Who receives spiritual care?

First, it means thinking about spiritual care first from the perspective of care recipients. Who are care recipients? Where are they? Where do they access spiritual care and/or chaplaincy? How do they experience interactions with chaplains? The information we gathered about these questions through a national survey with Gallup in March 2022 and fifty follow up interviews is sobering. 

  • People in the United States do not have a consistent understanding of the term “chaplain.” Interviews suggest that people see the explicitly religious dimension of chaplains’ work (not the more general sense of presence that chaplains talk about) as what distinguishes them from other care providers.
  • Between 18% and 44% of the public report interacting with a chaplain based on their understanding of the term.  Some people understand the term to include local religious leaders and / or people  who supported them through transformational experiences.
  • The largest percentage of people interact with chaplains through healthcare organizations, and there are few patterns by gender, race, religious affiliation, or other individual factors in who interacts with chaplains 
  • Many of those who interact with chaplains are not sure when or if they would do so again.

Who employs chaplains and how do they structure them?

Second, it means thinking about spiritual care from the perspectives of organizations like the military, healthcare organizations, higher education, prisons, etc. that employ chaplains. Our research finds that employers want chaplains to receive more and better training in crisis intervention, moral injury, and religious diversity. 

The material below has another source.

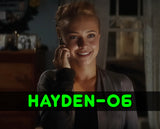 Hayden Panettiere Autograph Preorder - Purchase Item From MA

Third, it means thinking about delivery systems. Most people meet chaplains through organizations – mostly healthcare organizations – they are in for other reasons. We get lots of calls about people looking to start direct to consumer spiritual care or chaplaincy (mostly apps) but there are few cost-effective proofs of concept. Direct to consumer approaches require people to pay for spiritual care, another revenue engine, or philanthropic investments. We know the delivery systems through which people receive religious and spiritual content writ large are changing and the business models needed to sustain these new approaches have mostly not been built.

What we think

We engaged some of the country’s leading chaplains, scholars and educators in a conversation about demand-focused spiritual care last month (as part of a broader project that connects chaplains to the work of covenantal pluralism). It was a hard conversation. The experts are much more used to talking about how chaplains are trained – what we call supply-side questions. Our research names many challenges in training, however.

  • It is organizationally complicated
  • There are no clear guideposts or delineated paths focused on specific skills in training.
  • There are few agreements between educators and employers about what chaplains need to know (or space for consistent conversation about these questions)
  • There is little standardization of chaplaincy coursework or training in theological schools 
  • Training is lengthy, expensive, and – therefore – not accessible to some people and groups. 

The Lab has done a lot to support chaplains since it launched in 2018 and has focused almost entirely on chaplains (i.e. supply), not on care recipients (i.e. demand). If we want everyone in the United States to have access to spiritual care, we need to think hard about revolutionizing our approaches to spiritual care so they are built based on demand and on sustainable business models. 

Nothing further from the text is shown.